Dataset entries –
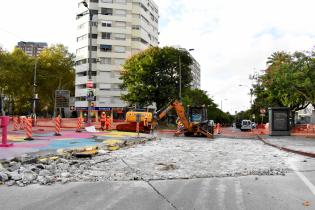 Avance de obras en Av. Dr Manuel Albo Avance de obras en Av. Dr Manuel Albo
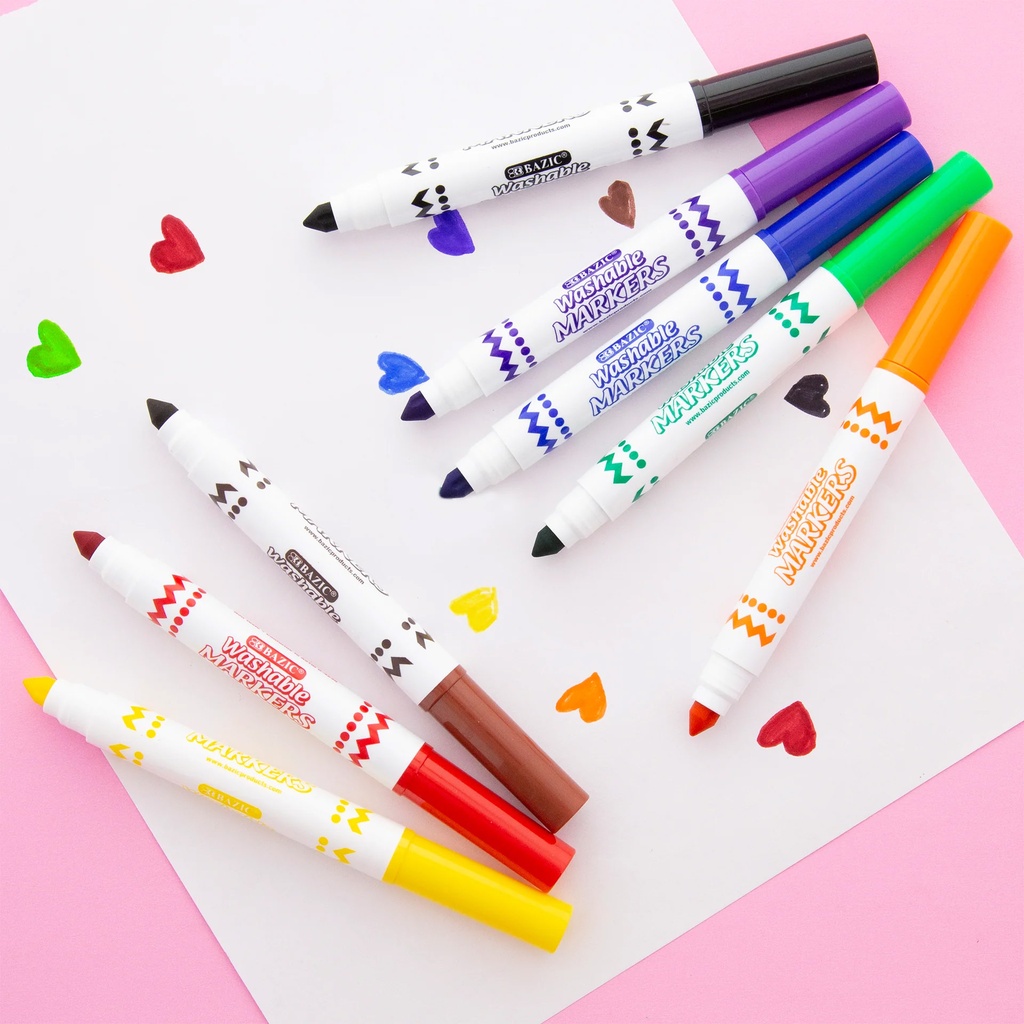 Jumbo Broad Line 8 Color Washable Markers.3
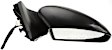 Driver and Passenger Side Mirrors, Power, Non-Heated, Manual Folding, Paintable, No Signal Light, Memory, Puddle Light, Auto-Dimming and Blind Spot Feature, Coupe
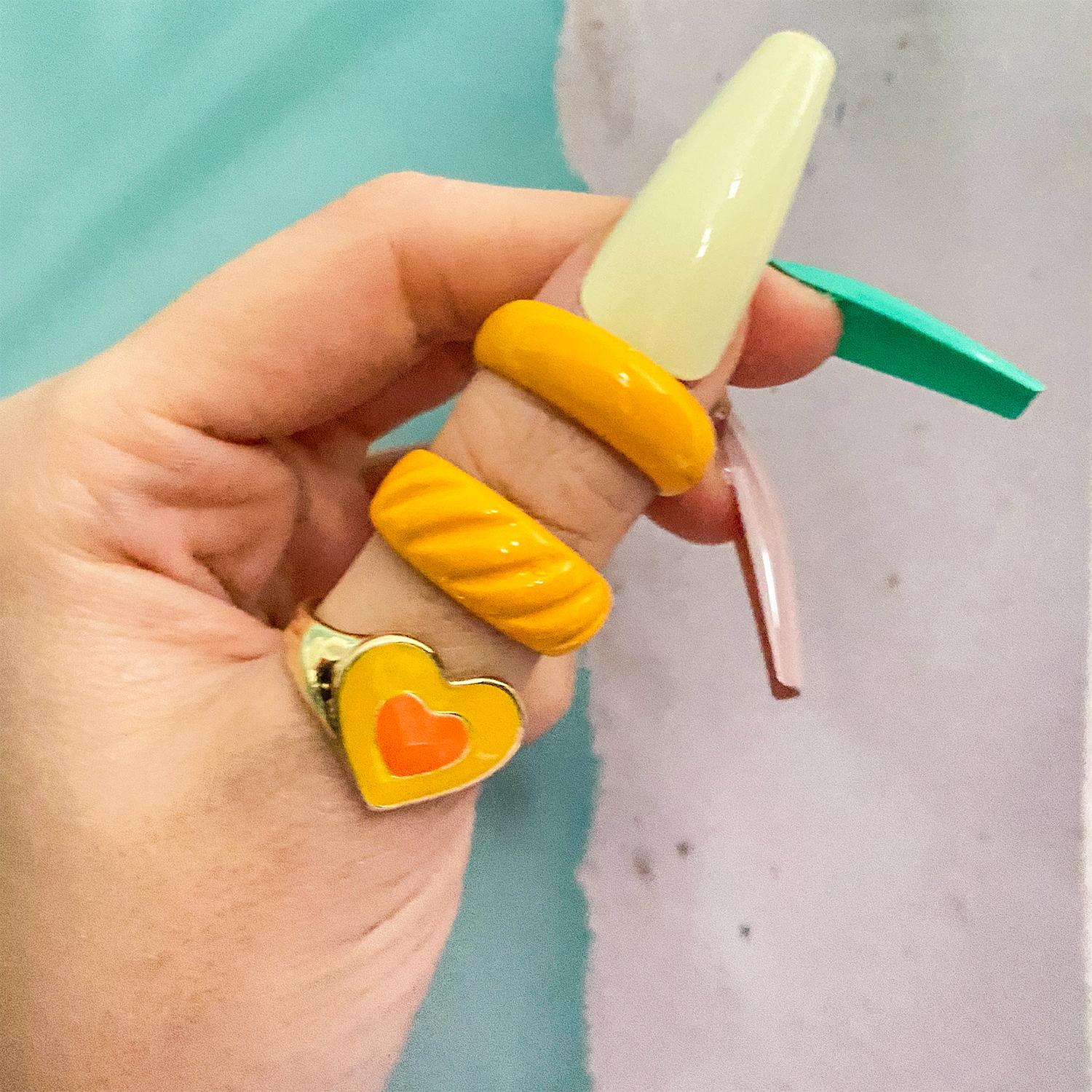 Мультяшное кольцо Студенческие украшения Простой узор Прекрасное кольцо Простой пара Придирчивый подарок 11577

--

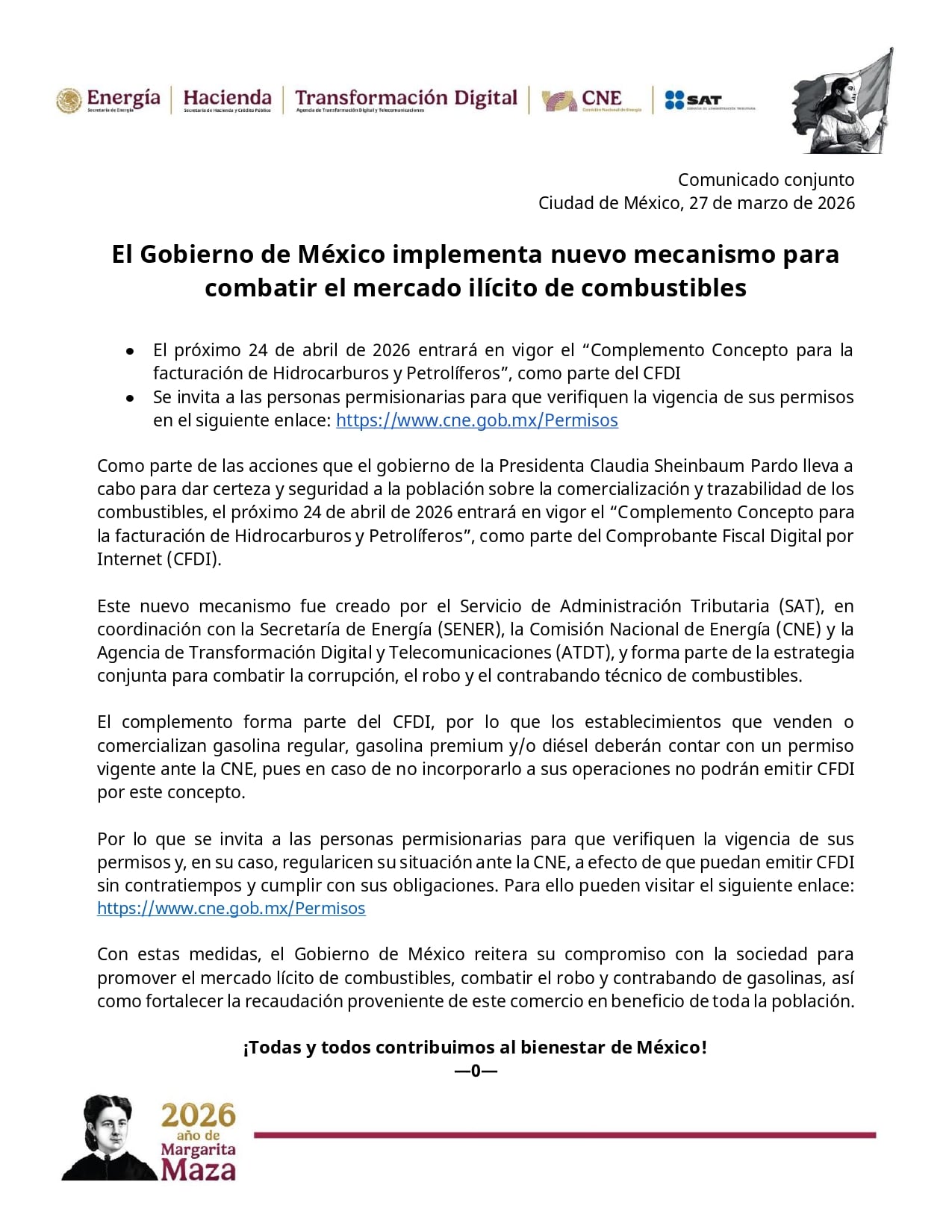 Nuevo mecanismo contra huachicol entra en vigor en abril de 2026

What you are asked to do – Excluding any pictures, print exactly the lines of the listing above from the line with "Avance de obras en Av. Dr Manuel Albo Avance" to the line with "Jumbo Broad Line 8 Color Washable Markers.3", both ends included.

Written response –
 Avance de obras en Av. Dr Manuel Albo Avance de obras en Av. Dr Manuel Albo
 Jumbo Broad Line 8 Color Washable Markers.3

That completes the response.